**TASK GOAL**
Your response to the data below should hold nothing except the lines from the one containing "Group of red scooters" down to the one containing "20.19캐럿 천연 멀티컬러", reproduced exactly and without pictures.

#### PROVIDED DATA

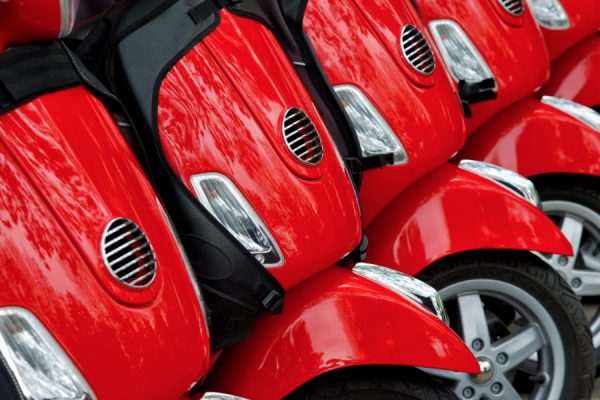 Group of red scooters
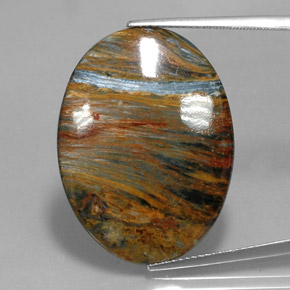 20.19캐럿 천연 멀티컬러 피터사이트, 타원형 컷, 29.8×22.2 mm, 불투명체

########
#### PROVIDED DATA

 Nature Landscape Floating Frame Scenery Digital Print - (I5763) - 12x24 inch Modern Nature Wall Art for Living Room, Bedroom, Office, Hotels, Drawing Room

########
#### PROVIDED DATA

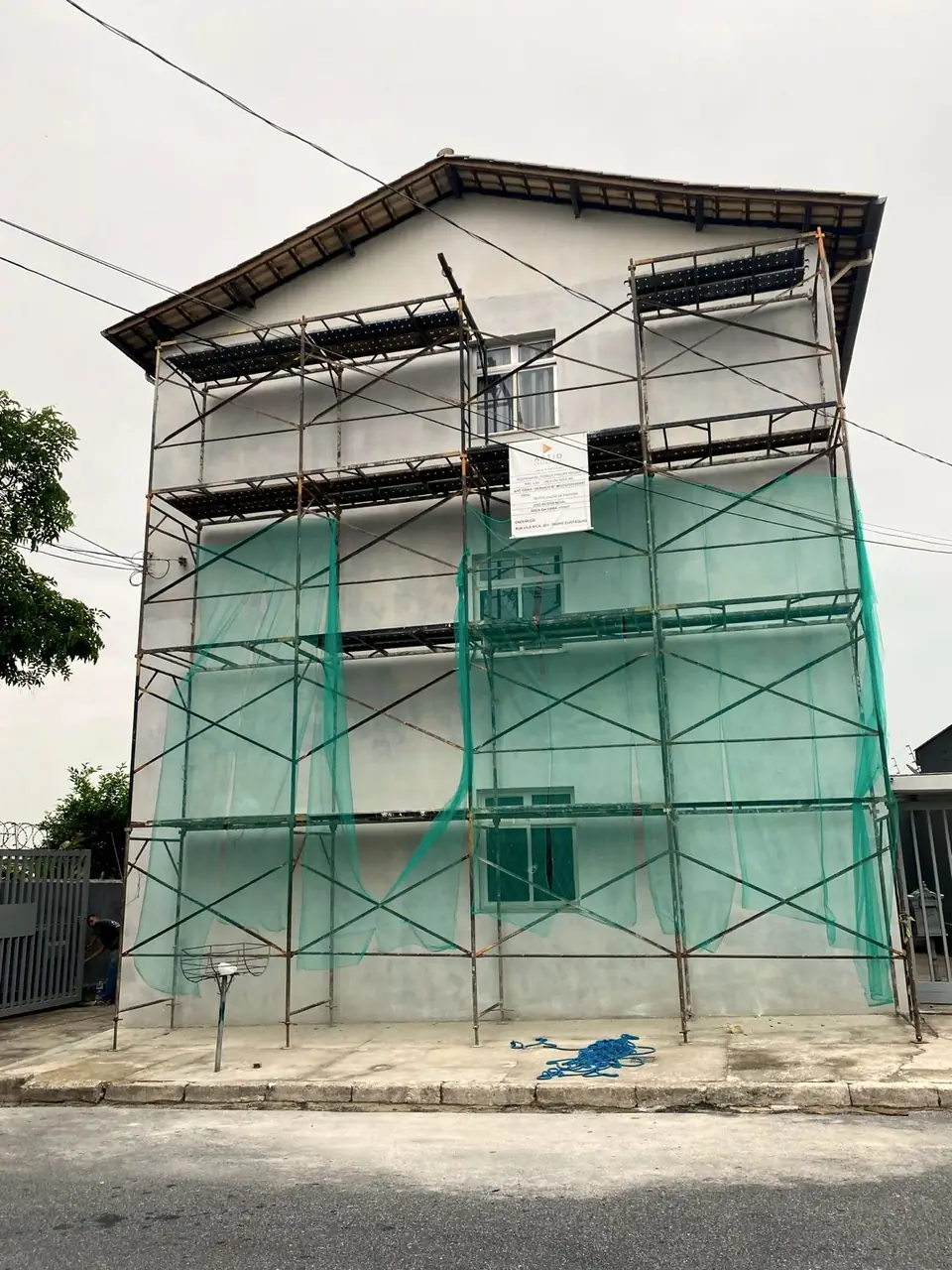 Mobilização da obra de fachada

########

**SOLVED PROBLEM**
 Group of red scooters
 20.19캐럿 천연 멀티컬러 피터사이트, 타원형 컷, 29.8×22.2 mm, 불투명체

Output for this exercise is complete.